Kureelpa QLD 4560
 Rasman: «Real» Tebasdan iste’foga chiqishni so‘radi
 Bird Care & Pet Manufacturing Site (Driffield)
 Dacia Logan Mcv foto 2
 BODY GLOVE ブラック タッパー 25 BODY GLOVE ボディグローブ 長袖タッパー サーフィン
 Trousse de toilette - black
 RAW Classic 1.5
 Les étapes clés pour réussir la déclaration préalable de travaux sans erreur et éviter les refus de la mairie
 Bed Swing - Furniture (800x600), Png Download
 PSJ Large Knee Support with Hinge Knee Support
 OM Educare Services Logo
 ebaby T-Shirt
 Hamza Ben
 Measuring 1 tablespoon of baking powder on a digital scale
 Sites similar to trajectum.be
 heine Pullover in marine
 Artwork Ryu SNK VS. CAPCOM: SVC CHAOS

● ● ●

● **PROMPT**:
Each line from the first line of the entries up to and including the line containing "PSJ Large Knee" should be transcribed exactly, with all other lines left out.

● **YOUR SOLUTION**:
Kureelpa QLD 4560
 Rasman: «Real» Tebasdan iste’foga chiqishni so‘radi
 Bird Care & Pet Manufacturing Site (Driffield)
 Dacia Logan Mcv foto 2
 BODY GLOVE ブラック タッパー 25 BODY GLOVE ボディグローブ 長袖タッパー サーフィン
 Trousse de toilette - black
 RAW Classic 1.5
 Les étapes clés pour réussir la déclaration préalable de travaux sans erreur et éviter les refus de la mairie
 Bed Swing - Furniture (800x600), Png Download
 PSJ Large Knee Support with Hinge Knee Support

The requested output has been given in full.